» **To do**:
All of the listing should be output exactly, apart from the pictures.

━━ Material provided

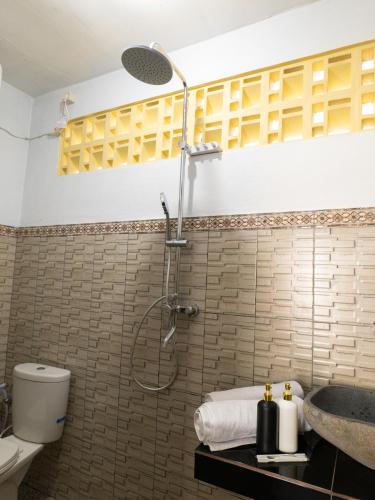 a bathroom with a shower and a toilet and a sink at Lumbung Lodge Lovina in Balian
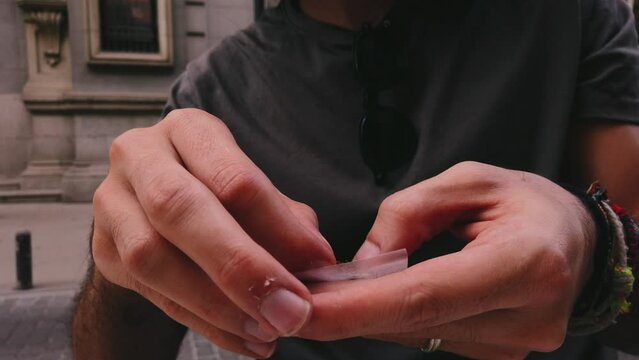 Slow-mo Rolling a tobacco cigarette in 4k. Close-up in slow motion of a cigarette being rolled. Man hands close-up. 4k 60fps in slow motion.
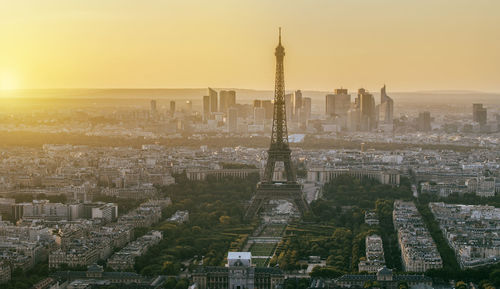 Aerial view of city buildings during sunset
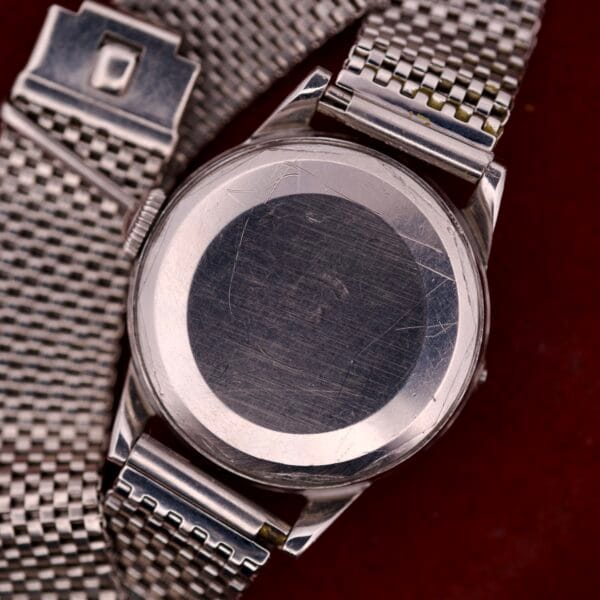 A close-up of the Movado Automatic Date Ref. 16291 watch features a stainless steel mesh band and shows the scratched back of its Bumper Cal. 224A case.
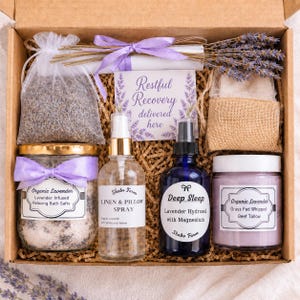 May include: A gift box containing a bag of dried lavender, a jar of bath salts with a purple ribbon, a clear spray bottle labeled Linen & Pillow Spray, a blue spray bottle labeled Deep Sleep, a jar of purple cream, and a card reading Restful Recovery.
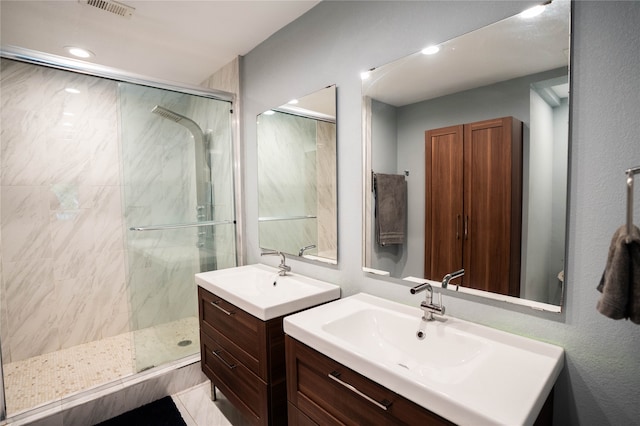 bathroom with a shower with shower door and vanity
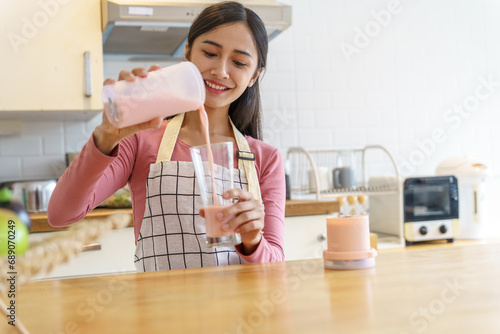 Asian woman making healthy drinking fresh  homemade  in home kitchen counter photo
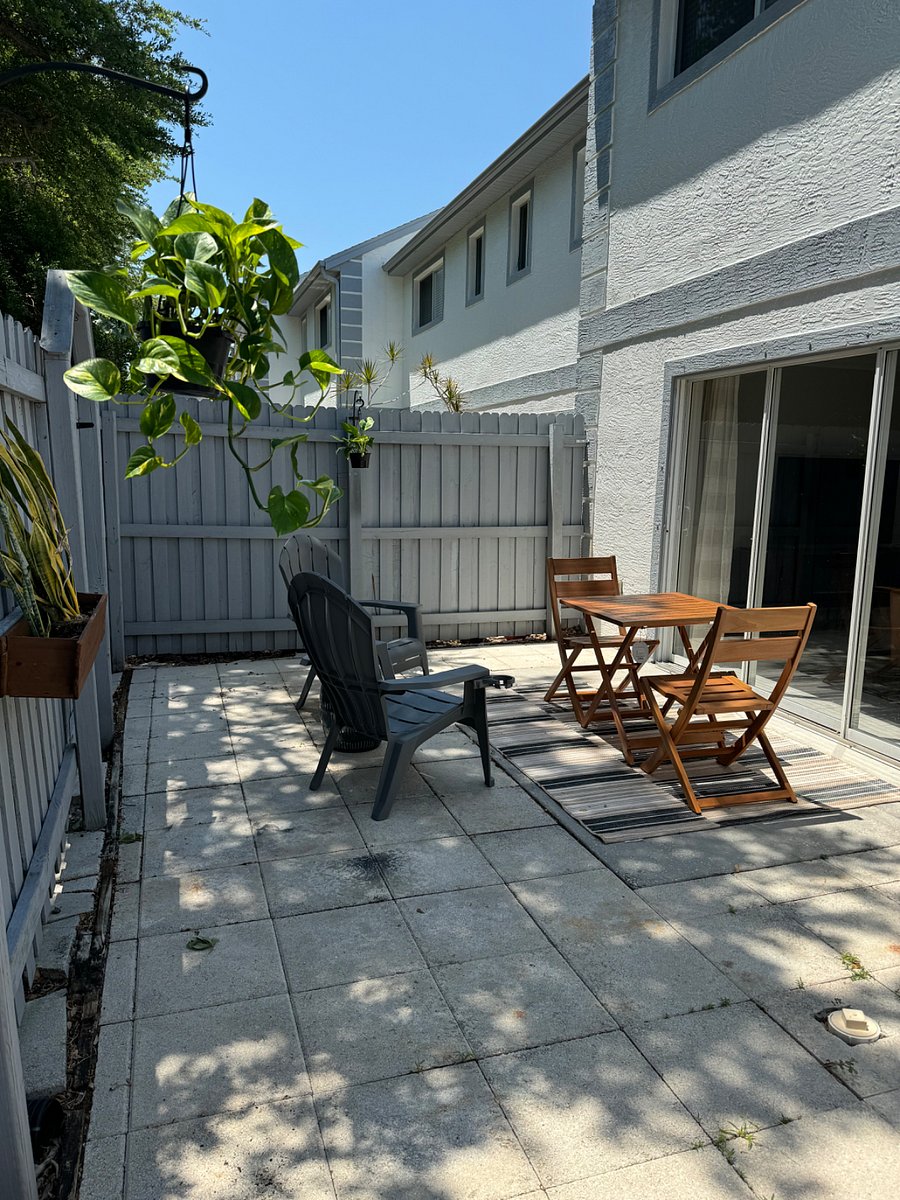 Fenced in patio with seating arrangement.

━━━━

» **Solution for this exercise**:
 a bathroom with a shower and a toilet and a sink at Lumbung Lodge Lovina in Balian
 Slow-mo Rolling a tobacco cigarette in 4k. Close-up in slow motion of a cigarette being rolled. Man hands close-up. 4k 60fps in slow motion.
 Aerial view of city buildings during sunset
 A close-up of the Movado Automatic Date Ref. 16291 watch features a stainless steel mesh band and shows the scratched back of its Bumper Cal. 224A case.
 May include: A gift box containing a bag of dried lavender, a jar of bath salts with a purple ribbon, a clear spray bottle labeled Linen & Pillow Spray, a blue spray bottle labeled Deep Sleep, a jar of purple cream, and a card reading Restful Recovery.
 bathroom with a shower with shower door and vanity
 Asian woman making healthy drinking fresh  homemade  in home kitchen counter photo
 Fenced in patio with seating arrangement.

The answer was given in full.